Impermeabilizzando dove passano i tubi per poi mascherare questi apparecchi con mobili simili a quelli esistenti in ogni locale».

«Alcuni spazi non hanno i condizionatori perchè avremmo dovuto danneggiare l’edificio e abbiamo preso la decisione di lasciarli com’erano.

Abbiamo concentrato gli sforzi nella cupola e nell’ala a sud del Capitolio.

Nel caso della Cupola abbiamo dovuto cambiare tutto il drenaggio pluviale completamente danneggiato. Sia per questa area che per il resto dell’installazione abbiamo fatto una diagnosi con uno strumento che abbiamo dovuto comprare per vedere lo stato nel quale si trovava.

Abbiamo restaurato puntualmente tutti i tubi con resine epossiche per poi riutilizzare questi sistemi», ha continuato.

Inoltre per via dell’importanza del progetto, alcune imprese de L’ Avana hanno appoggiato il restauro del Ministero della Costruzione, la Scuola Laboratorio d L’ Avana, le cooperative come Sancof (servizi di impalcature e bauli) e Serconst (servizi della costruzione), artisti del Ministero di Cultura, tra gli altri; anche se l’Ufficio dello Storiografo della Città è il principale investitore Senza dubbio durante la realizzazione del progetto ci sono state complicazioni.

«Per poter restaurare i tetti abbiamo dovuto fare una diagnosi dello stato in cui si trovava la base di cemento armato dei pavimenti. Che è successo.

Al quarto piano ci sono molti cortili e il danno presente permetteva all’acqua di filtrare facendo sì che al terzo piano e al secondo piano è stato necessario demolire alcune basi sotto i pavimenti o restaurare le mattonelle di cemento in cattivo stato prima di restaurare i soffitti a cassettoni », ha spiegato Mulet.

Il Capitolio conta con 60 tipi di marmi, tra cubani e italiani, e fortunatamente è stato possibile comprare dalla stessa cava e dagli stessi fabbricanti italiani i materiali usati nella costruzione originale.

I lampadari hanno dato problemi per il recupero. Con il passare degli anni alcuni erano spariti e altri erano distribuiti in pezzi in alcune zone del Capitolio. L’Ufficio dello Storiografo ha contattato un gruppo di messicani che lavorano l’onice per riprodurre esattamente le parti che mancavano.
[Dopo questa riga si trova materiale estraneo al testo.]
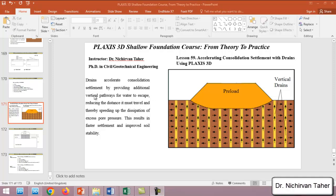Drains accelerate consolidation settlement by providing additional vertical pathways for water to escape, reducing the distance it must travel and thereby speeding the dissipation of excess pore water pressure. This results in faster settlement and improved soil stability.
Un altro elemento importante del restauro è stata la finitura della Cripta al Mambí Ignoto, un locale che non era mai stato terminato, nemmeno quando si costruì l’edificio.

«In relazione alle sculture che, eccettuando l’ Angelo Caduto, sono opere di Angelo Zanelli, sono stati assunti artisti italiani per il restauro. Per fortuna non erano molto danneggiate ed è stato realizzato soprattutto un processo di pulizia.

Rispetto alla scultura La Repubblica, la terza più alta del mondo al coperto, si tenta di ricostruire la patina d’oro e per questo si lavora a un progetto con la Russia per ridare la doratura alla statua e alla cupola», ha assicurato.

I bozzetti originali usati dall’artista, sono esposti in una delle sale del Capitolio aperte al pubblico al piano principale. Inoltre la popolazione può ammirare parte del Salone dei Passi Perduti e l’ala sinistra già terminata, dove si trovano da due anni gli uffici dell’Assemblea Nazionale.

Il rinnovo delle facciate le sta eseguendo Puerto Carenas, dell’Ufficio dello Storiografo e impresa principale di costruzione.

I materiali tecnologici e la consulenza tecnica utilizzati provengono da una compagnia tedesca.

Manca molto da fare ancora, ma non c’è dubbio che le opere eseguite sono d’enorme importanza per l’alto valore patrimoniale dell’edificio.

Il Capitolio è e continuerà ad essere un simbolo di Cuba. (GM- Granma Int.)